No início dos anos de 1970 Mira Schendel produziu uma série de trabalhos – denominada “Datiloscritos” – a partir do uso de uma máquina para datilografar palavras, letras e sinais, combinados com inscrições manuais e outras interferências como a aplicação de letraset. Nessas composições, Mira usou do artifício da repetição de um mesmo signo ou letra em intervalos regulares, de modo a criar malhas com modulações de densidades diversas, verticais e horizontais, em diálogo com os espaços vazios do papel. Quando, através desse trabalho, a artista transforma as próprias letras em componentes de superfícies de natureza visual, o status de invisibilidade do suporte é desestabilizado, as áreas preenchidas com letras interagem entre si e simultaneamente com as partes brancas do papel, que mesmo vazias, têm potencial significativo e de grande importância na composição. Essa existência ativa do branco, em diálogo com as tramas de letras, enfraquece a dicotomia presente na relação entre o signo e o vazio. Vários “Datiloscritos” apresentam inscrições feitas pela própria artista sobre temas caros a ela, como por exemplo, a poluição ambiental e explosão demográfica.






Outro importante trabalho, no qual Mira Schendel dá continuidade às suas investigações acerca do potencial das letras para além de sua funcionalidade linguística é a série “Objetos gráficos”. Aqui vê-se a convergência entre os vários processos experimentados pela artista ao longo da sua trajetória: monotipias, letraset e caligrafia. Nessa série Mira trabalha a tessitura visual das letras e suas implicações sobre o transparente, usando como suportes o acrílico e o papel de arroz. Ao enxergar na transparência uma questão de simultaneidade compositiva, a artista aponta para novas relações entre o olhar e a temporalidade. Graças ao ajuntamento do antes, do agora e do depois num mesmo campo de visão, a perspectiva de apreensão linear dilui–se, o olhar do observador passa a abarcar todo o conteúdo da obra de uma só vez, atravessando desde a capa até a sua última folha.
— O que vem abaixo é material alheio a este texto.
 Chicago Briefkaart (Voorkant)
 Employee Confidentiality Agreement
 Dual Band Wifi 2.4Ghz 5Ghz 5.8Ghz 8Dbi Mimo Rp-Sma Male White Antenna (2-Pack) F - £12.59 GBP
Como uma extensão de suas pesquisas sobre transparência na série “Objetos gráficos”, Mira Schendel produziu uma uma outra série – denominada “Cadernos” – de livros compostos por folhas de acetato, papel branco ou transparente e encadernados com capas de papelão ou acrílico. Esses livros, em sua maioria, têm suas lâminas agrupadas por um único pino ou parafuso, fazendo com que o conjunto se estruture em torno de um eixo circular que permite às páginas serem folheadas pelo ato de girar. Mira subverte não apenas a lógica ocidental de leitura das letras e das palavras, da esquerda para direita e de cima para baixo, como também mostra que lógica pode determinar o que os signos representam na página. De uma maneira delicada e lúdica a artista reflete sobre como o ponto de vista é simplesmente isso: um ponto, dentre tantos outros existentes do lado do objeto ou do lado do observador.




Com seus cadernos fica claro que, mesmo a partir de estruturas tão lógicas como o círculo ou o alfabeto, o "sentido" é apenas mais um, entre uma infinidade de tantos outros sentidos possíveis. Constantemente no limiar entre visualidade e linguagem, Mira Schendel concedeu ao elemento verbal (fosse ele uma palavra ou a simples letra) completa liberdade, para que este assumisse simultaneamente sua identidade visual e semântica, nunca se fechando em uma coisa ou outra, mas sendo não-sendo sempre uma coisa e outra.